(RECORDS SUPPLIED Opens)
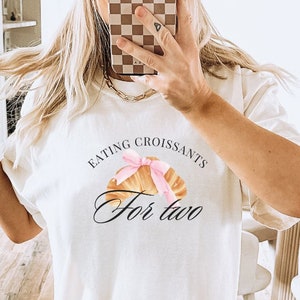 Jedzenie rogalików dla dwojga koszulka z ogłoszeniem ciąży prezent na baby shower kobiety w ciąży kokietka rogalik różowa kokardka miłośnik jedzenia ujawnienie płci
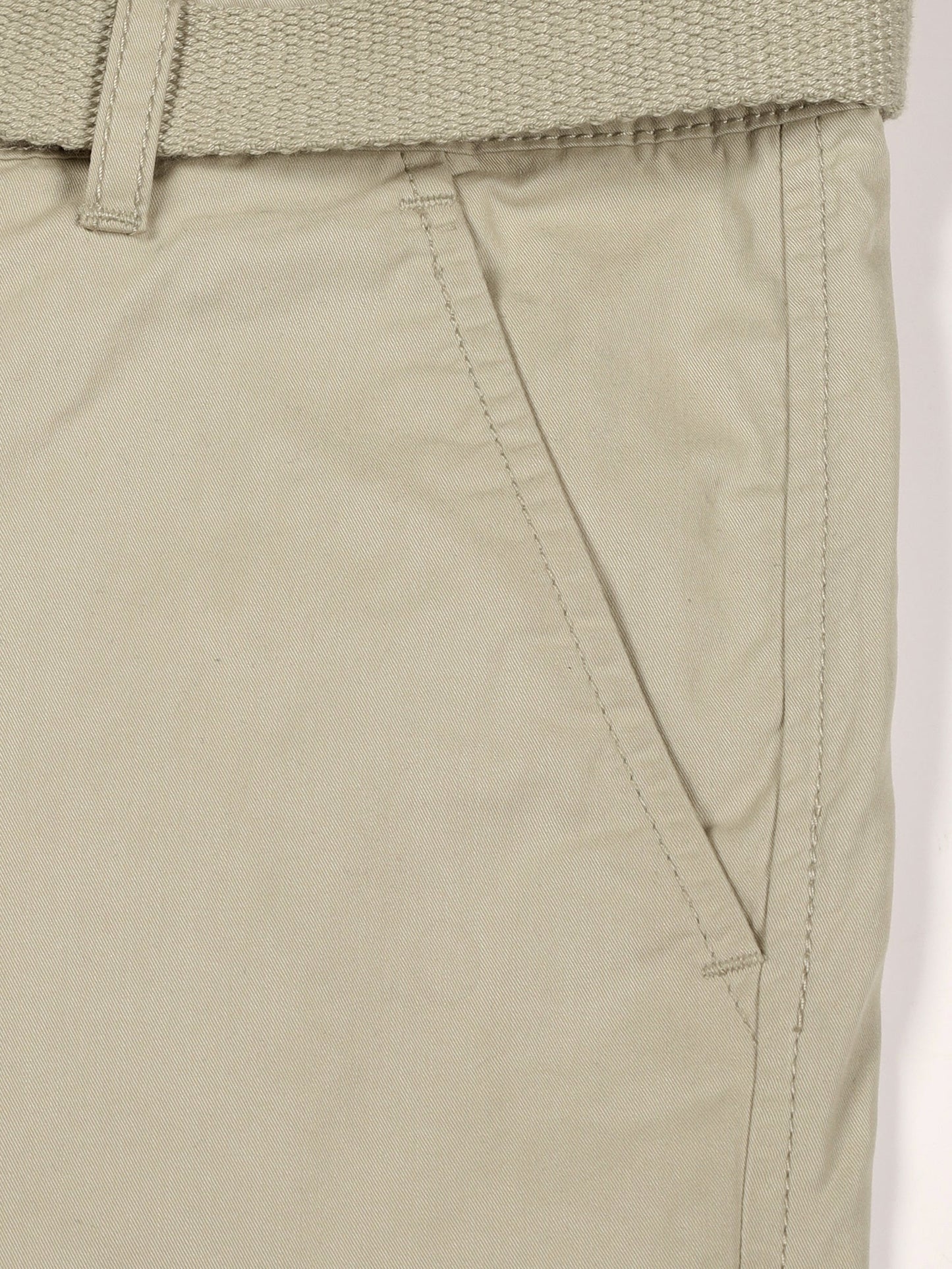 Pista Regular Fit Solid Shorts With Belt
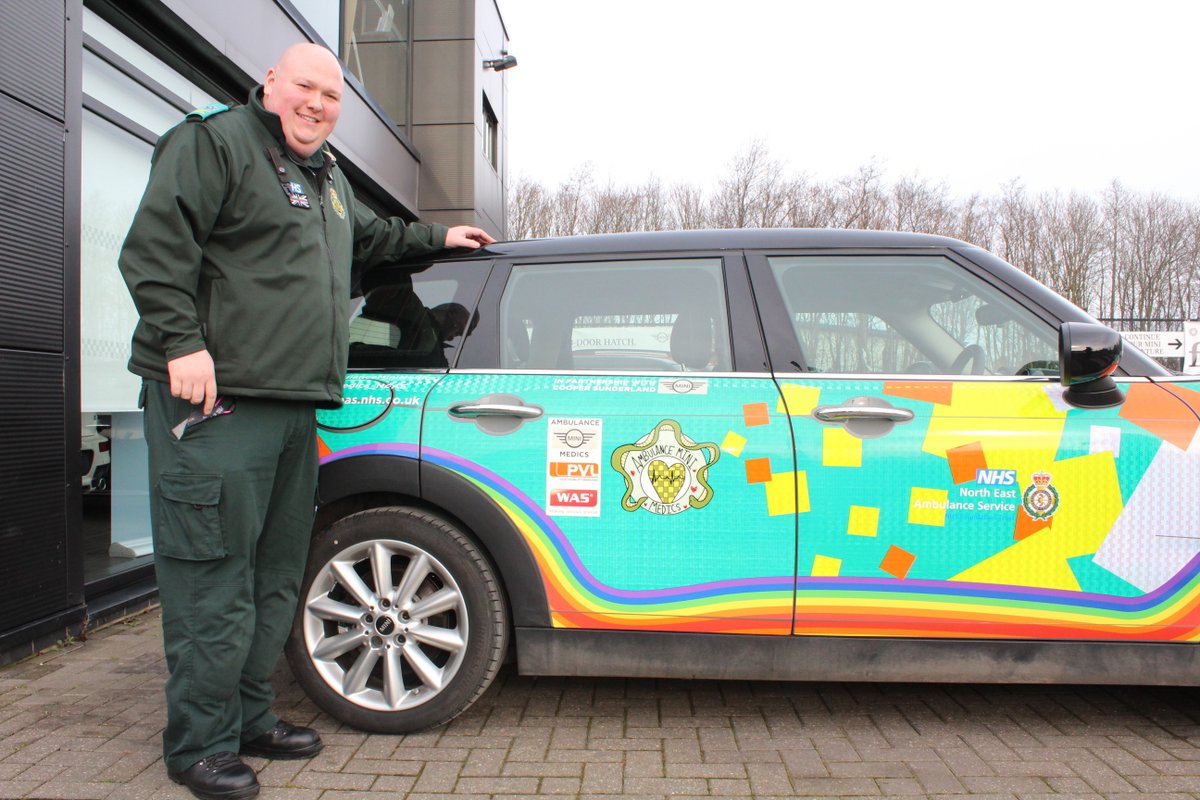 PVLUK's tweet image. We are proud to have been part of @MiniMedics_NEAS new  initiative, creating a striking look for their new wheels. Find out more here: bit.ly/2uGuikN
#specialistlivery #expertknowledge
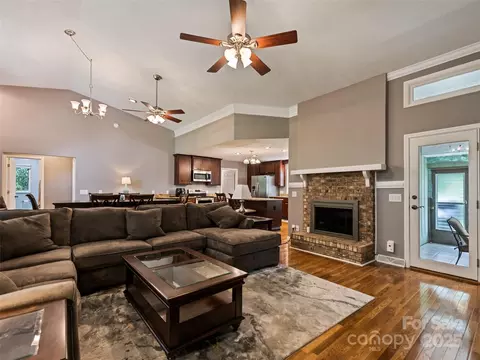 401 Nelson St, Clyde, NC 28721 photo 15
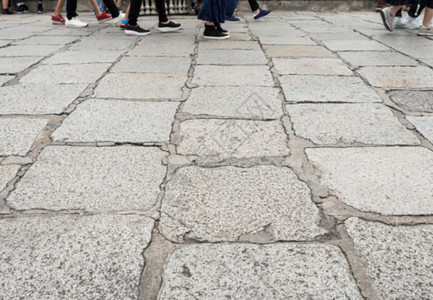 街道石砖路与行人走的泰国宫殿Blur焦点腿结石图片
(RECORDS SUPPLIED Closes)
# TASK TO CARRY OUT:
Your task is to repeat, word for word and with no picture, every line from the one that contains "Pista Regular Fit Solid Shorts With Belt" through the last line of the data.

# PROBLEM SOLUTION:
 Pista Regular Fit Solid Shorts With Belt
 PVLUK's tweet image. We are proud to have been part of @MiniMedics_NEAS new  initiative, creating a striking look for their new wheels. Find out more here: bit.ly/2uGuikN
#specialistlivery #expertknowledge
 401 Nelson St, Clyde, NC 28721 photo 15
 街道石砖路与行人走的泰国宫殿Blur焦点腿结石图片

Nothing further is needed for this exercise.